§ What is expected: The lines wanted are those from the one containing "Apartamento en La Castellana, Caracas – 33" to the last line of the entries below; output them exactly, leaving out pictures.
⁂
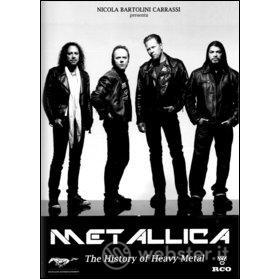 Metallica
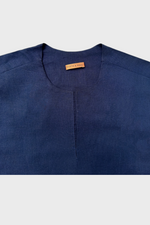 Load image into Gallery viewer, Signature Tunic Set
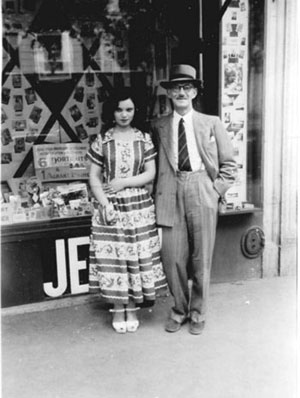 1949-07-Jerome-PARIS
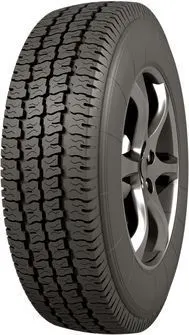 Легкогрузовая шина АШК Forward Professional 359 225/75 R16C 121/120N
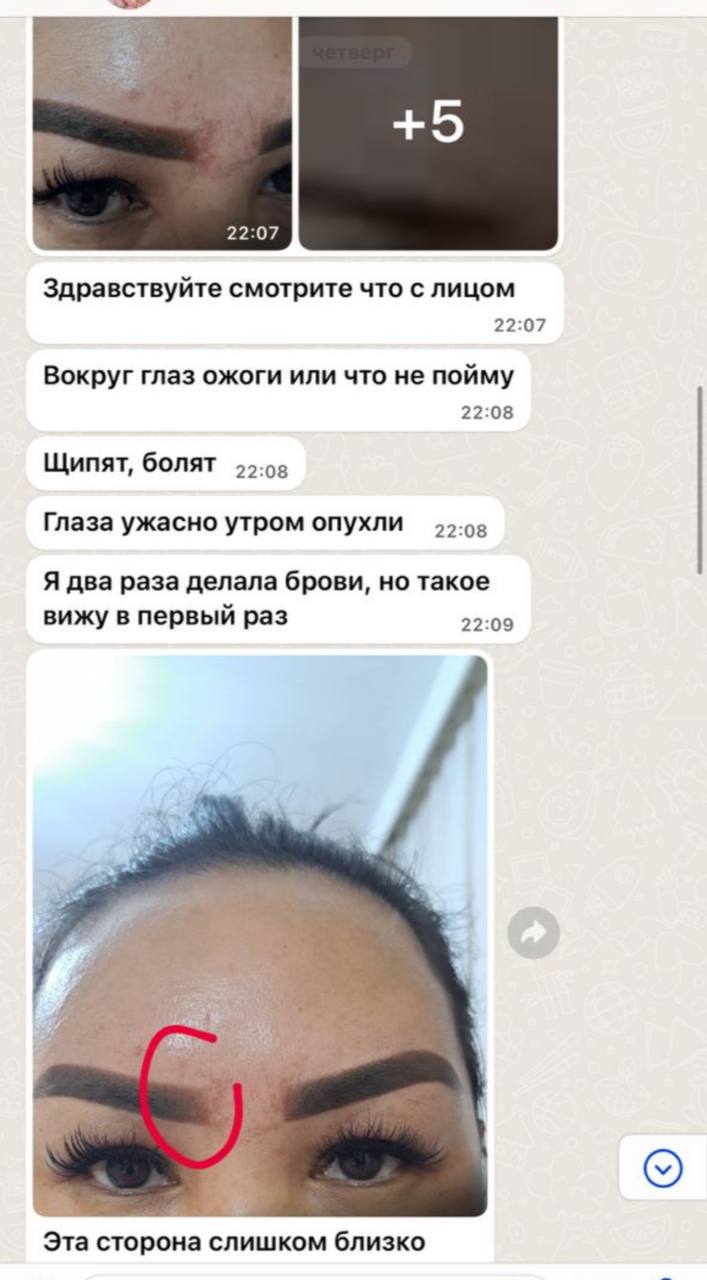 А если универсальную 
Чтобы для всех зон...
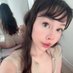 Romie (@romie_rae) Twitter profile photo Romie (@romie_rae) Twitter profile photo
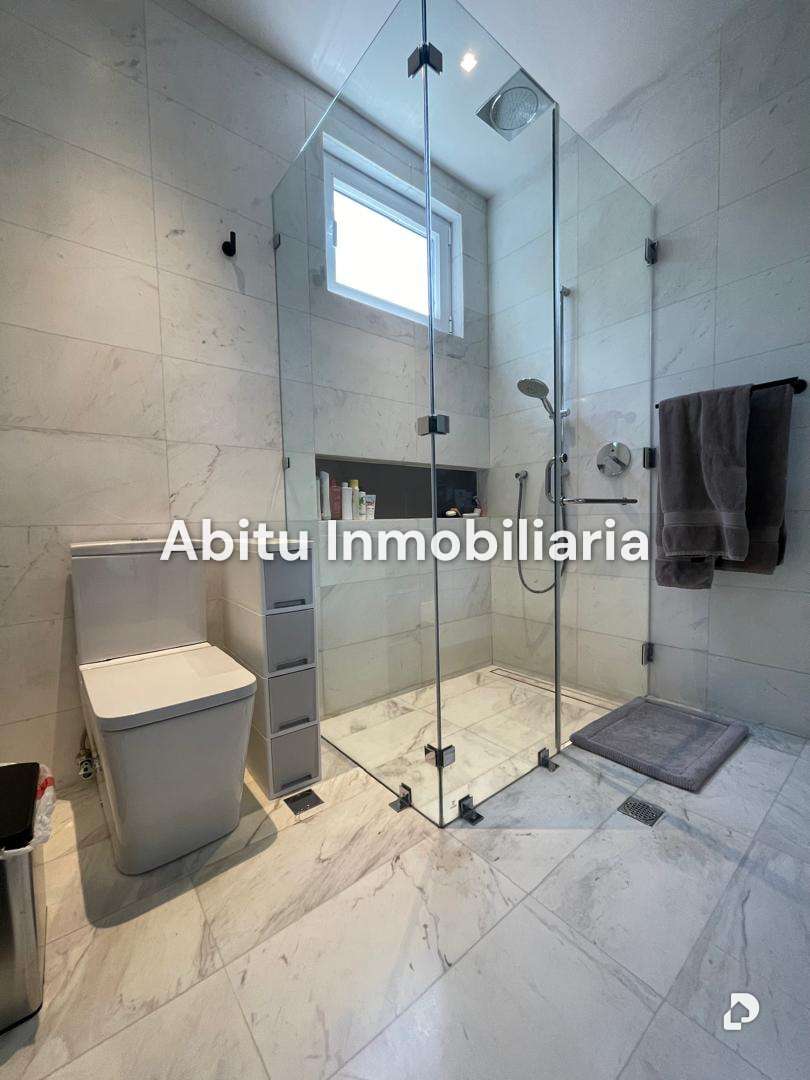 Apartamento en La Castellana, Caracas – 33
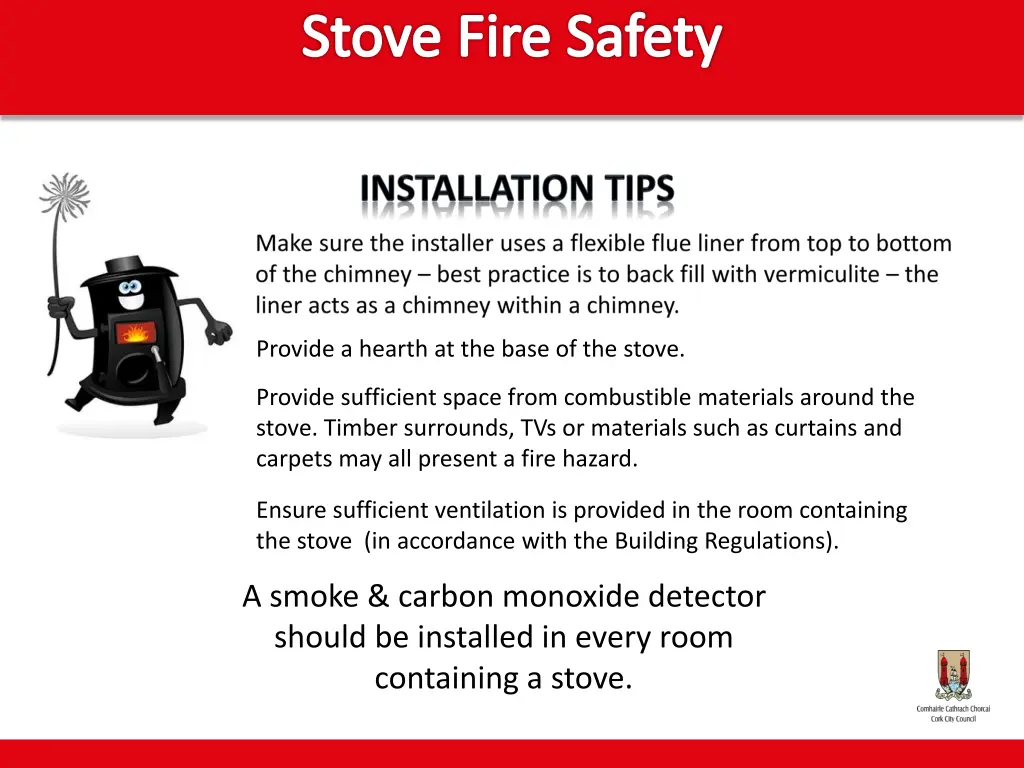 stove fire safety 3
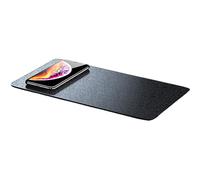 Non-Slip Mat for Car Dashboard, Non-Slip Mat for Car Dashboard - Adhesive Grip, Multifunctional Adhesive Grip Pad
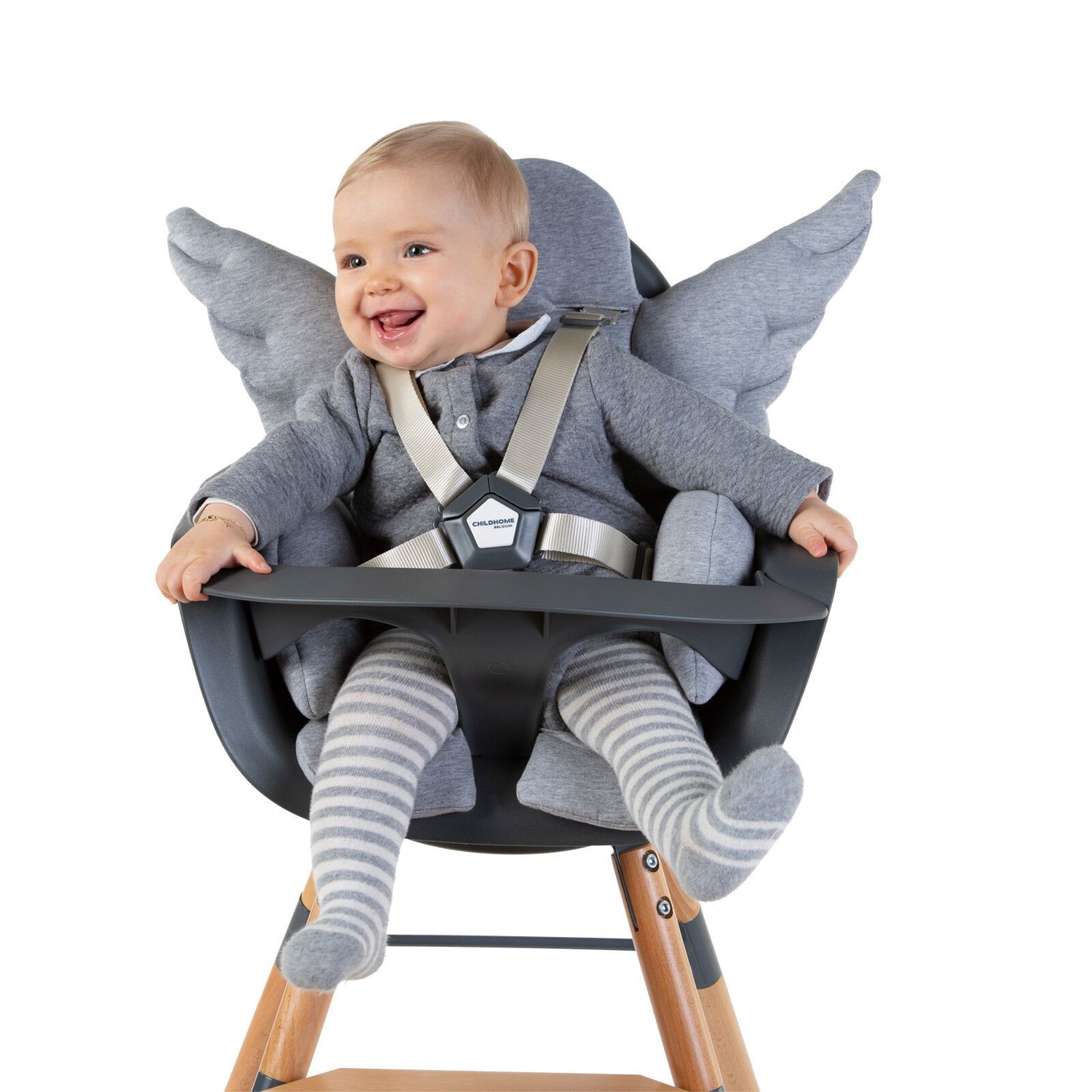 Sitzverkleinerer Engel 3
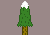 Sprite #45656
⁂
§ Answer:
 Apartamento en La Castellana, Caracas – 33
 stove fire safety 3
 Non-Slip Mat for Car Dashboard, Non-Slip Mat for Car Dashboard - Adhesive Grip, Multifunctional Adhesive Grip Pad
 Sitzverkleinerer Engel 3
 Sprite #45656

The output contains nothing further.